A transportation engineer rethinks congestion pricing

Congestion pricing in New York City should be easy; there are only bridges and tunnels to get into the most congested areas of the city, and many already have tolls. Access is limited, and transit is plentiful once commuters arrive in congested Manhattan. Despite these facts, political pressures from the outer boroughs and anti-tax sentiments defeated efforts to implement congestion pricing in 2008. To date, there has not been a successful implementation of a urban congestion pricing scheme in the United States, with London being one of the examples internationally.

Now a veteran transportation engineer, New York City-based Sam Schwartz, who spent his career advising the City as both a public employee and private consultant, has offered a new plan that could be more popular in the suburbs and still provide incentives to find alternatives to driving into the central business district.

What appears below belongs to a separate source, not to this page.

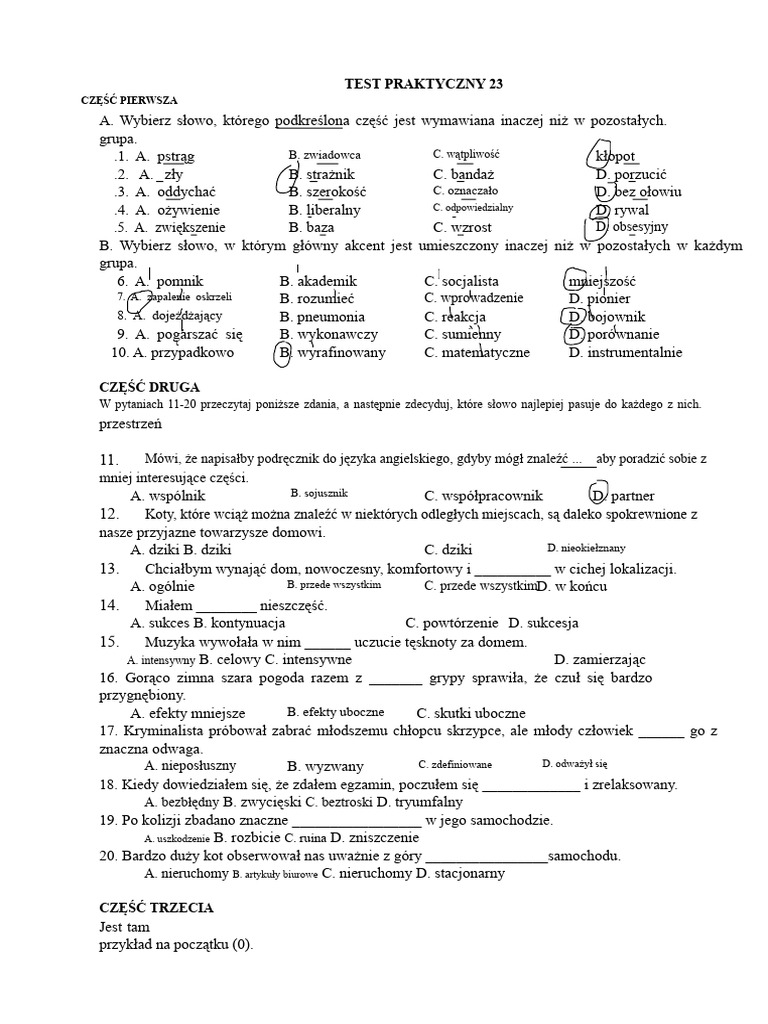 Test 23 | PDF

Schwartz, known by many as Gridlock Sam, has created a master plan for the city that rethinks the classic congestion pricing model, which primarily penalizes outlying communities. Highlights of his plan includes charging higher prices for solo drivers with access to rail who choose to commute via automobile, while charging less for drivers without access to rail. His plan also makes the affluent neighborhoods of Manhattan, Brooklyn, and Queens pay their fair share. It further addresses the political concerns of the outlying communities by dedicating some revenues to the maintenance of highways and bridges.

In total, Schwartz estimates that his plan would raise an extra $1.2 billion in funding annually for the cash strapped MTA, the largest transit agency in North America, currently facing a severe budget shortfall on its five year capital plan, which includes some of the largest public works projects in the nation. It would also create thousands of new jobs, decrease congestion, and actually reduce travel costs for the majority of commuters. He has yet to present his plan to city officials. However, one investment bank was impressed enough to say  it could be the basis for a $15 billion bond issue.

Because congestion pricing has so much potential as an untapped revenue source for transportation agencies, it is worth rethinking its implementation to make it more politically feasible.